(Information Opens)

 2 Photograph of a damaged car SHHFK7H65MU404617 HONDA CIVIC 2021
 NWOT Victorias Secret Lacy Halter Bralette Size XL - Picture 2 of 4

(Information Closes)
(Information Opens)

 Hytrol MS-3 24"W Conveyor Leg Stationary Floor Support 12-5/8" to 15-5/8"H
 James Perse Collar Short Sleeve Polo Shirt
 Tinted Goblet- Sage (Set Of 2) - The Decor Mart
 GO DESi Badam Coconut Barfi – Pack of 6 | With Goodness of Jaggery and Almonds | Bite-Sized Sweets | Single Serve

(Information Closes)
(Information Opens)

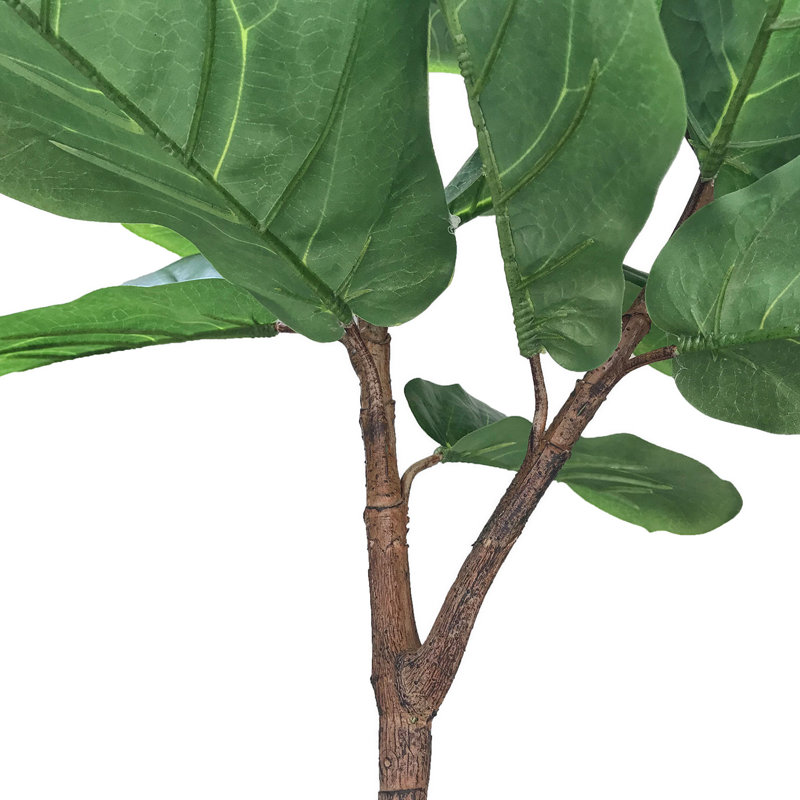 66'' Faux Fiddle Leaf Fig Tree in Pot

(Information Closes)

Exercise: Out of the listing above, reproduce exactly the lines from the one with "2 Photograph of" up to and including the one with "NWOT Victorias Secret".

Result for this task:
 2 Photograph of a damaged car SHHFK7H65MU404617 HONDA CIVIC 2021
 NWOT Victorias Secret Lacy Halter Bralette Size XL - Picture 2 of 4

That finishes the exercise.